| Supplied material |

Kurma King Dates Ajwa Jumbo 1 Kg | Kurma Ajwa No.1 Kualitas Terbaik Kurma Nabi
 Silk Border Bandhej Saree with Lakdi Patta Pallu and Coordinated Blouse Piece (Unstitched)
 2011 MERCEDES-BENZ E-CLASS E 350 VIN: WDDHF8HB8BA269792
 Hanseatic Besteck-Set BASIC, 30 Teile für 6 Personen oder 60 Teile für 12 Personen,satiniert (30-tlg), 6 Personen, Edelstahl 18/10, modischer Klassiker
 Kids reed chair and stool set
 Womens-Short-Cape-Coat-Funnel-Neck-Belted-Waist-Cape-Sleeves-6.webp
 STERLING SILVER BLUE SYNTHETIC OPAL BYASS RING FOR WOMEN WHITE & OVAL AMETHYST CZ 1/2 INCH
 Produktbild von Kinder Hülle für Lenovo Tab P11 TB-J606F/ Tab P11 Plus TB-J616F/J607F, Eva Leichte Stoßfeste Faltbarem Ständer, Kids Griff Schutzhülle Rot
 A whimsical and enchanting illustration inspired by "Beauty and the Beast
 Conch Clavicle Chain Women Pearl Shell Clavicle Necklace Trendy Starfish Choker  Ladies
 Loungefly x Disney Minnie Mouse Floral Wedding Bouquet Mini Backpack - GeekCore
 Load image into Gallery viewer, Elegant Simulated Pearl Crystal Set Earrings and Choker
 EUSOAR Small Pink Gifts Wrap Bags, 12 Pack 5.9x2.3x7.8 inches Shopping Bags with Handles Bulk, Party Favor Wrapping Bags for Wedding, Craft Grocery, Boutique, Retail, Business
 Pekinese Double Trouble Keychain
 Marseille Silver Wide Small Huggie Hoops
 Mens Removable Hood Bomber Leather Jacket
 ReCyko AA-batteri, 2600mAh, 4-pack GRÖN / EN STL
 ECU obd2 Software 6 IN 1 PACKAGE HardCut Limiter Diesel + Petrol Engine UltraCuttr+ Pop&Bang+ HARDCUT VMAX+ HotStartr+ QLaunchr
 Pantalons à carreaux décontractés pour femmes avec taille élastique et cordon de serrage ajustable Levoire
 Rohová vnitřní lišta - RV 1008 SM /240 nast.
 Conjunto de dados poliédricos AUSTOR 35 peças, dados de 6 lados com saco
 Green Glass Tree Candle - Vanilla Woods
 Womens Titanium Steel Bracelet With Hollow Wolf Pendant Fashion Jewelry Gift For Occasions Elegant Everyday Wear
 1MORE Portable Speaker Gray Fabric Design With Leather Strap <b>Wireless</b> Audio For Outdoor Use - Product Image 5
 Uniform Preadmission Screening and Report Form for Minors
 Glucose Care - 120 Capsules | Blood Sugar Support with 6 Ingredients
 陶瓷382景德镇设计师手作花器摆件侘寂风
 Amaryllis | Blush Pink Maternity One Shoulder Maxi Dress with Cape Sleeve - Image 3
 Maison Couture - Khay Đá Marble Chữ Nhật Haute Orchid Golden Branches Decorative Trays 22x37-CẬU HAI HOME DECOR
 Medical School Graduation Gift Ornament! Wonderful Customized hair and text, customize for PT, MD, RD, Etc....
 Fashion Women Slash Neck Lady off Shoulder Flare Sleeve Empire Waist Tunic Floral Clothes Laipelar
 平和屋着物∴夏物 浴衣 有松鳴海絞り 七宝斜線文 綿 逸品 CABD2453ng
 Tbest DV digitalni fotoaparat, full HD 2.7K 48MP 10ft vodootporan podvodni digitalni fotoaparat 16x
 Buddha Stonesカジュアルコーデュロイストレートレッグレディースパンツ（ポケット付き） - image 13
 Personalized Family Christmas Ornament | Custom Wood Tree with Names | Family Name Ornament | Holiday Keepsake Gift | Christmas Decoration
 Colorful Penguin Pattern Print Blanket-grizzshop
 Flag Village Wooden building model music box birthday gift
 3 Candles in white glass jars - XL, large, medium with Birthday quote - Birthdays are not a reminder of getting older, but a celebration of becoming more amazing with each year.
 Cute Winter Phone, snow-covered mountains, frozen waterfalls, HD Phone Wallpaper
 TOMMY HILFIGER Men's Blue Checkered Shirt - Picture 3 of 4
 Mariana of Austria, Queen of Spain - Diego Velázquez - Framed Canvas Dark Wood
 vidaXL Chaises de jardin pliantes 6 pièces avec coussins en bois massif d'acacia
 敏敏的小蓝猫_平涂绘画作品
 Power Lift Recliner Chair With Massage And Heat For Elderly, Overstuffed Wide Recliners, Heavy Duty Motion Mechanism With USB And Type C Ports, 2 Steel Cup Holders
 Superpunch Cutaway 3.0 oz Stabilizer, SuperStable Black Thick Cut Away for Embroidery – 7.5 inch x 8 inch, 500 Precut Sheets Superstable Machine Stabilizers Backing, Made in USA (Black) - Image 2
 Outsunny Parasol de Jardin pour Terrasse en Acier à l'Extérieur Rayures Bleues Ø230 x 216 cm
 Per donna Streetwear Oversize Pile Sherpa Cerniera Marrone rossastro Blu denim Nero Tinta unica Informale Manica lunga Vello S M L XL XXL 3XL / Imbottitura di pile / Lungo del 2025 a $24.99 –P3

| Action item |
What you give back must be the stretch above, starting at the line with "Loungefly x Disney" and ending at the line with "陶瓷382景德镇设计师手作花器摆件侘寂风", copied exactly.

| Problem solution |
 Loungefly x Disney Minnie Mouse Floral Wedding Bouquet Mini Backpack - GeekCore
 Load image into Gallery viewer, Elegant Simulated Pearl Crystal Set Earrings and Choker
 EUSOAR Small Pink Gifts Wrap Bags, 12 Pack 5.9x2.3x7.8 inches Shopping Bags with Handles Bulk, Party Favor Wrapping Bags for Wedding, Craft Grocery, Boutique, Retail, Business
 Pekinese Double Trouble Keychain
 Marseille Silver Wide Small Huggie Hoops
 Mens Removable Hood Bomber Leather Jacket
 ReCyko AA-batteri, 2600mAh, 4-pack GRÖN / EN STL
 ECU obd2 Software 6 IN 1 PACKAGE HardCut Limiter Diesel + Petrol Engine UltraCuttr+ Pop&Bang+ HARDCUT VMAX+ HotStartr+ QLaunchr
 Pantalons à carreaux décontractés pour femmes avec taille élastique et cordon de serrage ajustable Levoire
 Rohová vnitřní lišta - RV 1008 SM /240 nast.
 Conjunto de dados poliédricos AUSTOR 35 peças, dados de 6 lados com saco
 Green Glass Tree Candle - Vanilla Woods
 Womens Titanium Steel Bracelet With Hollow Wolf Pendant Fashion Jewelry Gift For Occasions Elegant Everyday Wear
 1MORE Portable Speaker Gray Fabric Design With Leather Strap <b>Wireless</b> Audio For Outdoor Use - Product Image 5
 Uniform Preadmission Screening and Report Form for Minors
 Glucose Care - 120 Capsules | Blood Sugar Support with 6 Ingredients
 陶瓷382景德镇设计师手作花器摆件侘寂风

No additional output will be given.